In the lines below, output everything from the first line through the line containing "Line drawing of" exactly as it is. Pictures are not part of the output.
(Beginning of SUPPLIED MATERIAL)
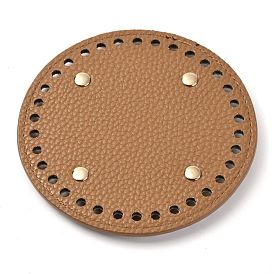 Imitation PU Leather Bottom, Round with Litchi Grain & Alloy Brads, Bag Replacement Accessories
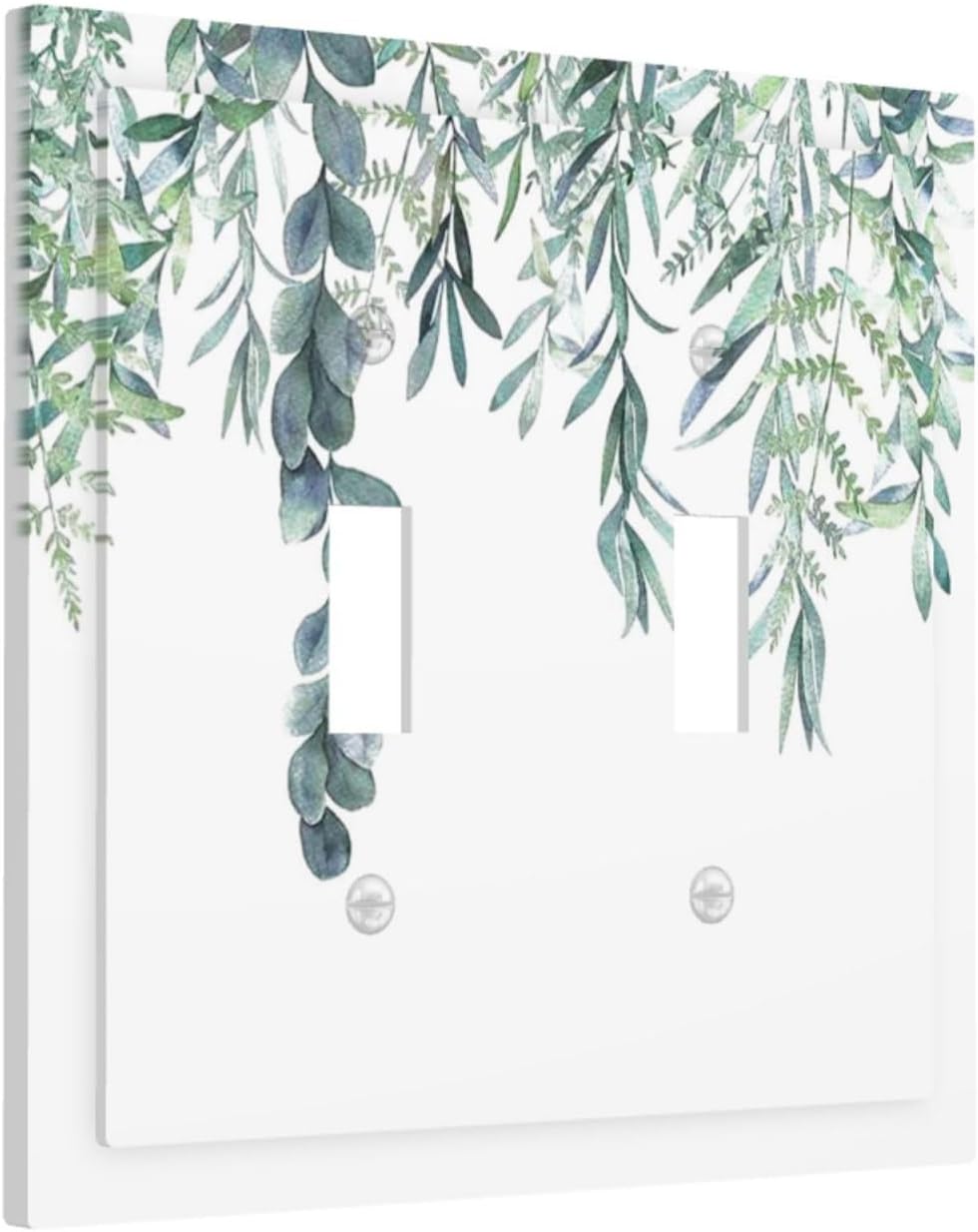 Eucalyptus Leaves Greenery Vine Flowers Simplicity Decorative Switch Plates 2 Gang Double Toggle Outlet Light Switch Cover Wall Plate Electrical Faceplate for Bed Room Living Room Decor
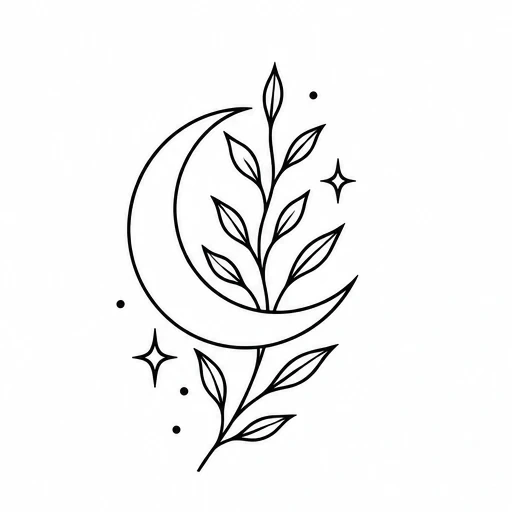 Line drawing of a crescent moon entwined with a branch of leaves, with small stars and dots around it.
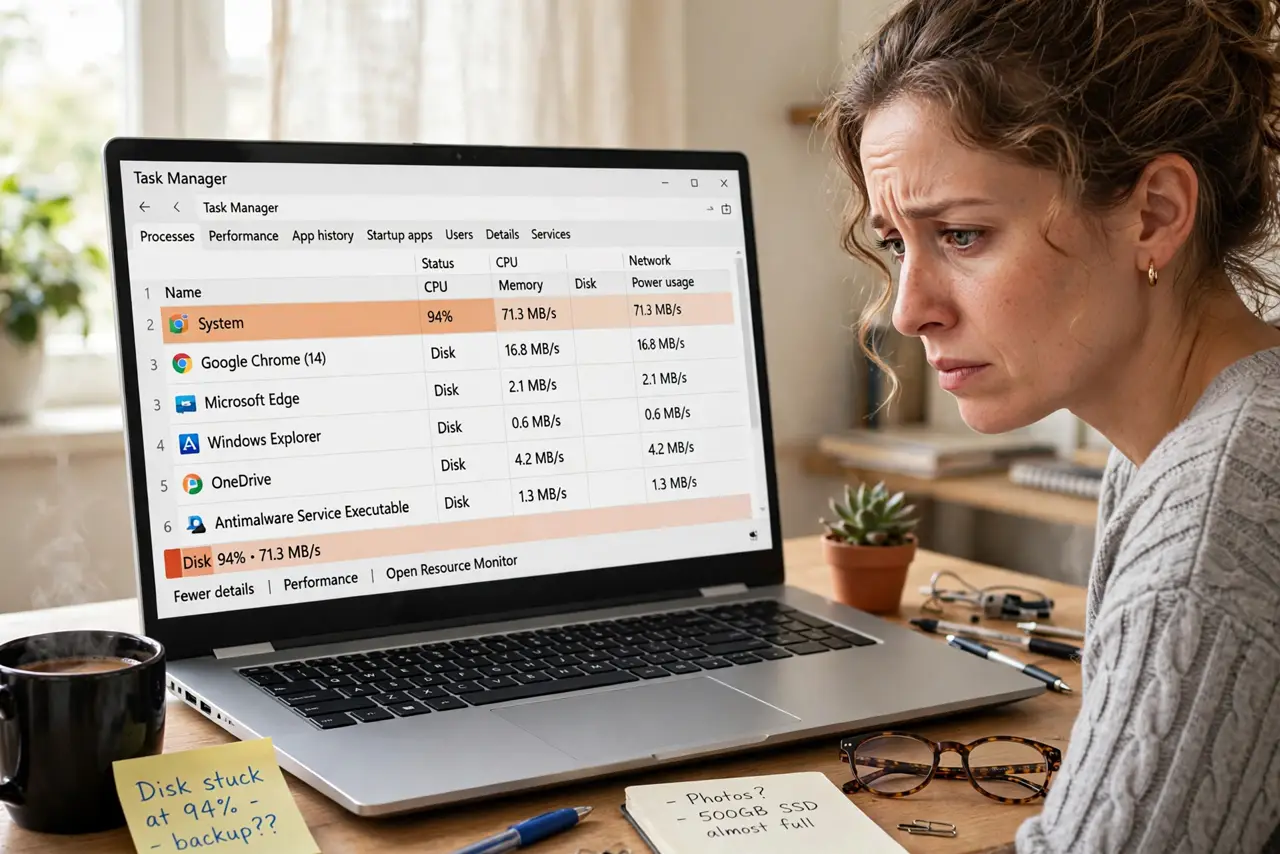 a person looking at a real Windows laptop showing Task Manager with the disk column visible and legible, the person's face frustrated but hopeful, desk.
(End of SUPPLIED MATERIAL)
### EXERCISE OUTPUT
 Imitation PU Leather Bottom, Round with Litchi Grain & Alloy Brads, Bag Replacement Accessories
 Eucalyptus Leaves Greenery Vine Flowers Simplicity Decorative Switch Plates 2 Gang Double Toggle Outlet Light Switch Cover Wall Plate Electrical Faceplate for Bed Room Living Room Decor
 Line drawing of a crescent moon entwined with a branch of leaves, with small stars and dots around it.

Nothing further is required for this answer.